▸ TASK BRIEF: Although the records contain pictures, none belong in the copy: restate word for word only the lines from the one with "So the problem" through the one with "Hello and welcome", both included.

▸ SUPPLIED DATA:
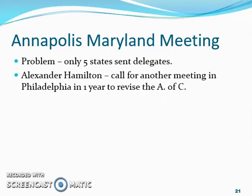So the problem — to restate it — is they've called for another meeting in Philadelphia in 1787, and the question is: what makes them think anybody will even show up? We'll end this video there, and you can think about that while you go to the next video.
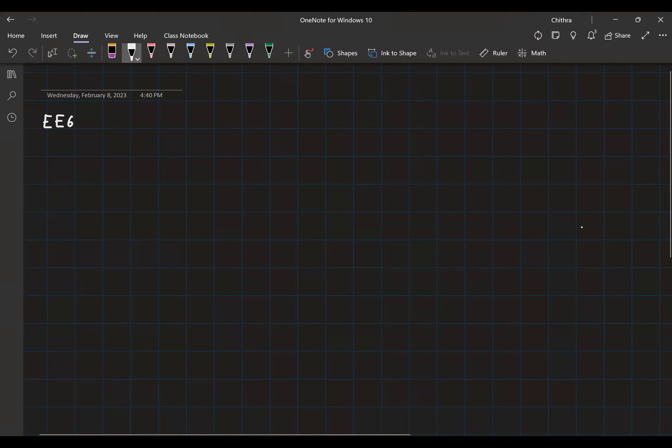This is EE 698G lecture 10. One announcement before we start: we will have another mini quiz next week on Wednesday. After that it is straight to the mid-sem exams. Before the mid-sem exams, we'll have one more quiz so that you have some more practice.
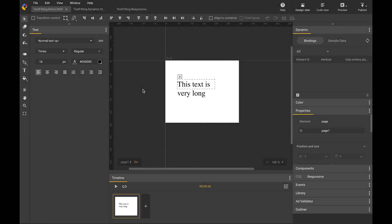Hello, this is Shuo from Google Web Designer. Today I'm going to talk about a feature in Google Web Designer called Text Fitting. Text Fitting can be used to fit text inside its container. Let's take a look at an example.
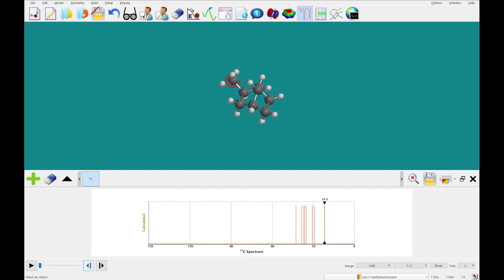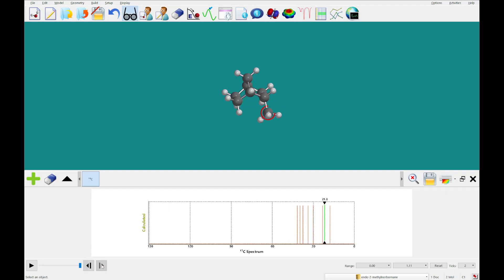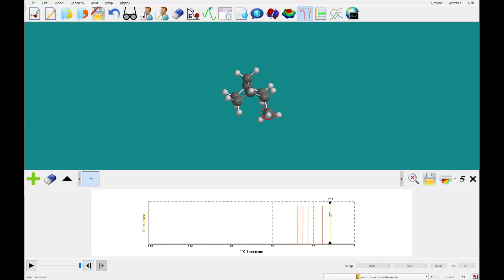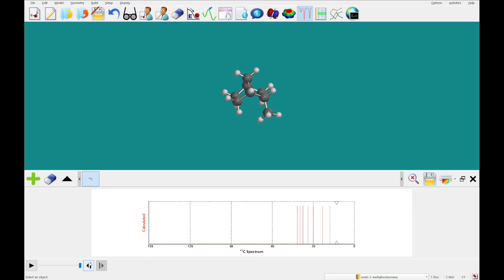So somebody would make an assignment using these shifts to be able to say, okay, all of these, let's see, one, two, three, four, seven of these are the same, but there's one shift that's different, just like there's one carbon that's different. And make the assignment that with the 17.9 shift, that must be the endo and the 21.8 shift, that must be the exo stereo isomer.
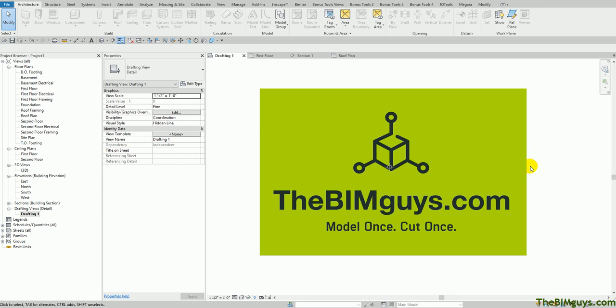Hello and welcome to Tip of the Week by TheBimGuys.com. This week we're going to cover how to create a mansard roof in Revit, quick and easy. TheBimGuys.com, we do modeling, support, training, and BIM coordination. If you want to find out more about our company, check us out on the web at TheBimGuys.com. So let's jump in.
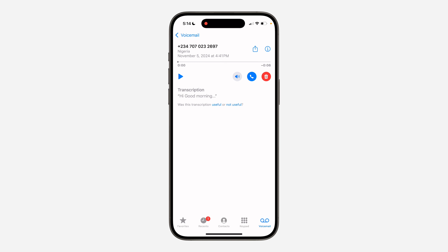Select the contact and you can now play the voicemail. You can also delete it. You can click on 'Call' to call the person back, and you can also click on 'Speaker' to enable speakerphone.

==

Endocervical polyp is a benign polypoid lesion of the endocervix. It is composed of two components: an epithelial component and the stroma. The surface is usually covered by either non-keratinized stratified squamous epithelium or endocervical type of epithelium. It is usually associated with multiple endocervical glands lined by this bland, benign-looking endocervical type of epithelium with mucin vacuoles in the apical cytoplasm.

==

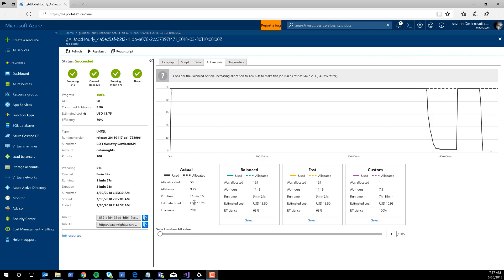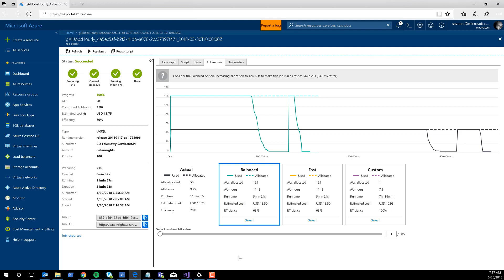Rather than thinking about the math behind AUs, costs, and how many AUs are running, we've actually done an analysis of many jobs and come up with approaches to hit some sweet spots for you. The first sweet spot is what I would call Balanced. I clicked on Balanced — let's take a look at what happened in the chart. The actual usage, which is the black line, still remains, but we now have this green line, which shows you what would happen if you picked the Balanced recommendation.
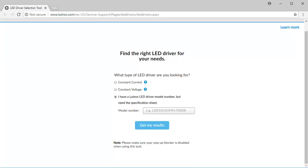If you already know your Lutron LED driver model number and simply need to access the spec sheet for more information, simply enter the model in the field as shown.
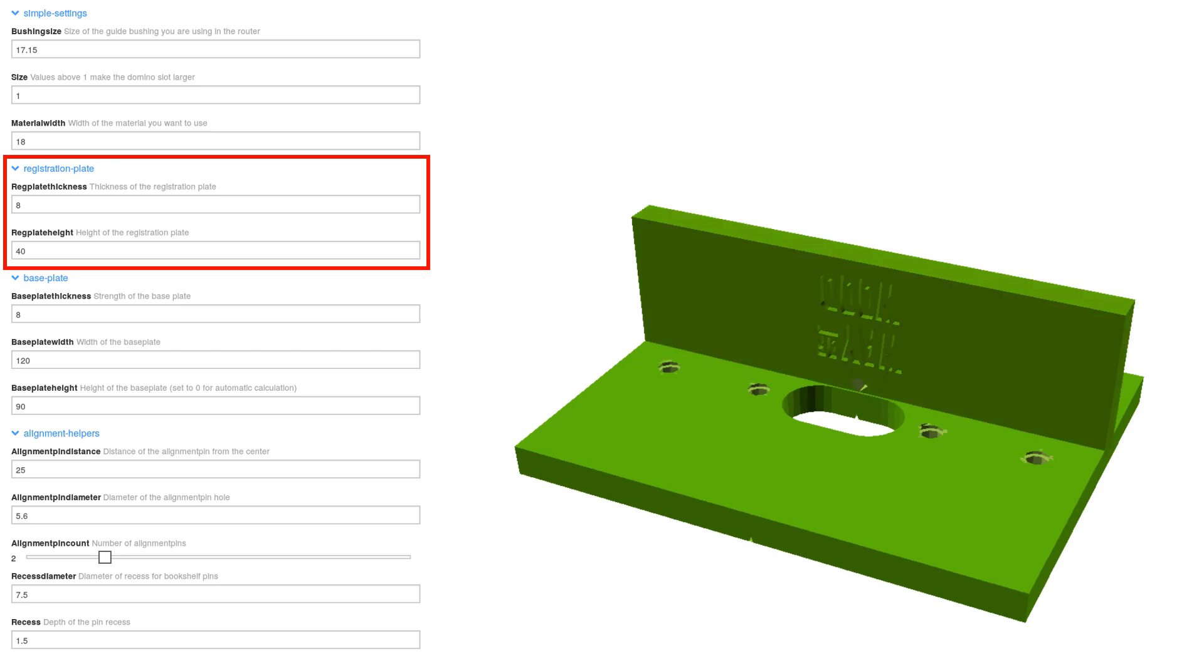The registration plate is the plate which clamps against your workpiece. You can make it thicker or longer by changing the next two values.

▸ ANSWER TO THE PROBLEM:
So the problem — to restate it — is they've called for another meeting in Philadelphia in 1787, and the question is: what makes them think anybody will even show up? We'll end this video there, and you can think about that while you go to the next video.
This is EE 698G lecture 10. One announcement before we start: we will have another mini quiz next week on Wednesday. After that it is straight to the mid-sem exams. Before the mid-sem exams, we'll have one more quiz so that you have some more practice.
Hello, this is Shuo from Google Web Designer. Today I'm going to talk about a feature in Google Web Designer called Text Fitting. Text Fitting can be used to fit text inside its container. Let's take a look at an example.
So somebody would make an assignment using these shifts to be able to say, okay, all of these, let's see, one, two, three, four, seven of these are the same, but there's one shift that's different, just like there's one carbon that's different. And make the assignment that with the 17.9 shift, that must be the endo and the 21.8 shift, that must be the exo stereo isomer.
Hello and welcome to Tip of the Week by TheBimGuys.com. This week we're going to cover how to create a mansard roof in Revit, quick and easy. TheBimGuys.com, we do modeling, support, training, and BIM coordination. If you want to find out more about our company, check us out on the web at TheBimGuys.com. So let's jump in.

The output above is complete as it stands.